Anyway, however diverting a question it is, it is not a very important one. The lesson imparted by the passage is just as uncompromisingly severe in either case. As a commentary on the plight of the rich young ruler who cannot bring himself to sell all he has, give the money to the poor, and follow Christ, it leaves little room for doubt that Christ is not merely rebuking one wealthy man for a lack of proper spiritual commitment, but is saying something very disquieting about wealth as such.

Of course, putting the matter that way invariably provokes murmurs or howls of protest, and down the years Christians have found a number of ingenious ways of getting around the plain meaning of Christ’s words. The silliest of these is the old myth—which I used to think was the invention of some nineteenth-century Protestant clergyman, but which is in fact considerably older—that the “Needle’s Eye” was a particularly low gate in the walls of Jerusalem, through which a laden camel could not pass without being unburdened or even (as one zoologically illiterate version has it) crawling through on its knees. There was no such gate, and camels are not that nimble, but it has often proved very comforting for affluent Christians to imagine that Jesus was really talking about adopting a proper attitude of humility or detachment rather than about submitting to actual dispossession.

A more nuanced strategy for rescuing Jesus from his unseemly radicalism has been to treat his words in this instance as an ironic castigation of those who vest their hopes in good works. John Calvin managed to invert the lesson of the passage almost entirely: The young ruler, he claimed, had asked an inept question, supposing that one could secure eternal life through works, and thus Christ’s metaphor was meant as an illustration of the impossibility of anyone fulfilling the requirements of the law, and of the need therefore for a total reliance upon faith.

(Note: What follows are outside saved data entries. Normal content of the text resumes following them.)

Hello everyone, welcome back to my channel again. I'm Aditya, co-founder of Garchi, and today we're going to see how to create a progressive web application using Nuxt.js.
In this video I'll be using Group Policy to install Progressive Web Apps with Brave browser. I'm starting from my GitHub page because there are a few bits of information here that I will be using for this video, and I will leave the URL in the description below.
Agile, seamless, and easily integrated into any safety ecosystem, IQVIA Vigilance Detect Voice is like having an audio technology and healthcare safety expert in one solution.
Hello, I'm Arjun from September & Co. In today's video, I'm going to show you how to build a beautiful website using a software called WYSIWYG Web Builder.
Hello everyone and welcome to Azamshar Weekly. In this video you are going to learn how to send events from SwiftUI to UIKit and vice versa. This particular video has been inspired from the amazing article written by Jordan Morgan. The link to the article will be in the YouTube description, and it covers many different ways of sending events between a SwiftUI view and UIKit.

This, it should be needless to say, is an entirely uncompelling gloss on the episode. It merely superimposes a traditional Augustinian reading of Paul’s language regarding grace and works of the law (one that competent New Testament scholars know to be erroneous) upon a text clearly irreconcilable with its premises. The teaching of Christ in the gospels is full of exhortations to “works righteousness,” however inconvenient they may prove for certain established strains of Christian dogmatics, and the episode of the young ruler is wholly lacking in the sort of exegetical ambiguities that might allow for reassuring evasions of that sort. Simply said, Jesus was not terribly encouraging about the spiritual condition—or prospects—of the rich.

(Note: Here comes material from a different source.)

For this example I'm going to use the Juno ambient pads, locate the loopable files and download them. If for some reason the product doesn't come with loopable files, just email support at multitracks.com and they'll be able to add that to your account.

I am not trying to start a theological debate here, however. I really just want to say something charitable about the Occupy Wall Street protestors, at least the most morally serious among them, because I have come to find a certain conservative critique of the movement painfully tiresome. By the time this column appears, the harsh winds of winter may already have scattered the demonstrators to their several lairs and subdued the clamor of their detractors, so this may come across as an exercise in l’esprit d’escalier.

But a few weeks back, in a nearly empty cafe at a small regional airport, I overheard a radio discussion in which two very loud men and an even louder woman were soundly excoriating the Occupy protestors for supposedly spreading contempt for “wealth creators” and for the industrious rich. All three interlocutors attested that they had been raised by pious parents to respect the wealthy and to emulate “those who’ve made something of themselves through hard work” for the sakes of their “families and investors.”

The larger issue of whether that quite exhausts the story of how great wealth may be legally acquired in our economic system was not raised, but there was not much room for subtlety in the narrow crevices between commercial breaks. In any event, it was all fairly conventional, merrily venomous talk-radio ranting, and I would probably have forgotten it a moment afterward if, at the end, the woman speaker had not opined that this “Occupy business” was all a part of the decay of the “traditional Christian values that built this nation”—a judgment to which the other two assented vigorously.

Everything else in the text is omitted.